„Die Militärdiktatur, die 1985 zu Ende ging, hat weniger Opfer gefordert als die heutige Kriminalität“, sagen Bolsonaros Anhänger. Also zurück zu einer Art Militärherrschaft? Der siegreiche Kandidat der ersten Wahlrunde hat tatsächlich durchblicken lassen, dass er die Macht des Militärs radikal stärken will. Wenn nötig, wolle er die Generäle zur Hilfe rufen. Bolsonaros Stellvertreter ist ein bekannter General.
Auch wenn sich Bolsonaros Gegner im zweiten Wahlgang in drei Wochen hinter dem zweitplatzierten linken Kandidaten Fernando Haddad scharen, wird dies – heutiger Stand – kaum ausreichen, um den Hassredner zu verhindern.
Angesichts der Korruption, der Rezession, der Arbeitslosigkeit und der grassierenden Kriminalität sehnen sich viele Brasilianerinnen und Brasilianer nach einer starken Hand. Das ist verständlich. Doch der Mensch, den sie da wählen, könnte alles nur noch schlimmer machen. Wie es Diktatoren zu tun pflegen, sprach er bereits von Wahlbetrug. Er habe nicht 46 Prozent der Stimmen erhalten, sondern über 50 Prozent. Ohne Wahlfälschung wäre er bereits Präsident. Seine unappetitliche, frauenfeindliche Rhetorik scheint seinen Erfolg nicht zu schmälern. Die Frauen seien „zum Vergnügen der Männer“ da. Einer Politikerin rief er zu, sie sei „zu hässlich, um vergewaltigt zu werden“.

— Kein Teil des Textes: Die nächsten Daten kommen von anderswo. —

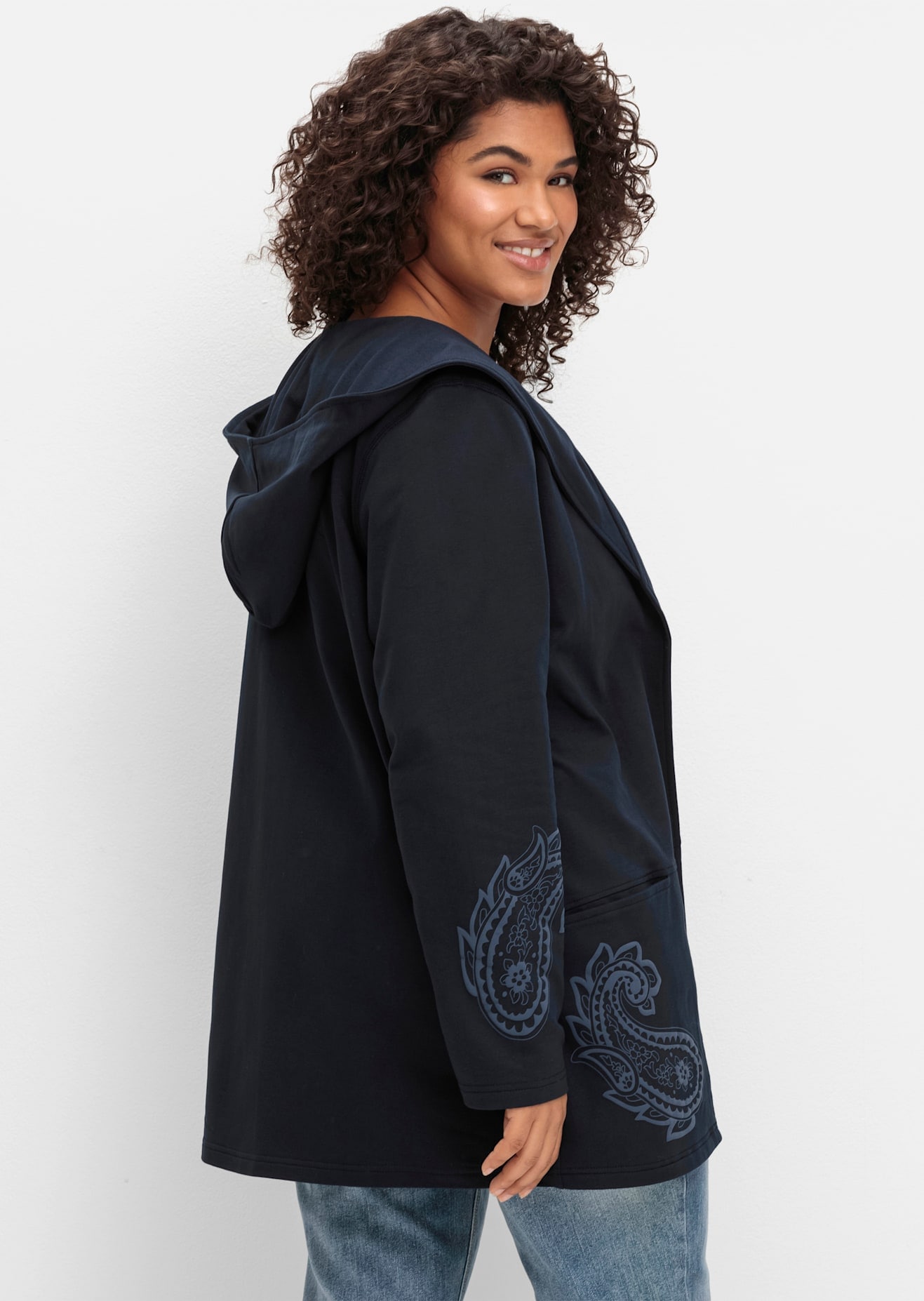sheego by Joe Browns Shirtjacke »Sweatjacke«, 1 Stk.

Dass viele Frauen ihn gewählt haben, erstaunt. Die Medien brauche es nicht, sagt er. Er kommuniziere per Twitter. Politische Gegner sollten notfalls „liquidiert“ werden. Schwule wären „am besten nie geboren“. Schwarze seien „zu dumm, um Kinder zu kriegen“. Beraten wurde Bolsonaro vom ehemaligen Trump-Adlatus Steve Bannon. Ein konkretes Programm zur Bewältigung der Krise hat Bolsonaro nicht. Es ist nicht anzunehmen, dass er die Probleme lösen wird.
„Nunca mais!“, „nie wieder!“, schrien viele, als 1985 die Militärdiktatur mit ihren Menschenrechtsverbrechen zu Ende ging. Doch 33 Jahre nach dem Ende der brasilianischen Militärherrschaft sind die Brasilianer und Brasilianerinnen dabei, das Rad zurückzudrehen, der Demokratie einen schweren Schlag zu versetzen – und einen faschistoiden Hetzer auf den Präsidentenstuhl zu setzen.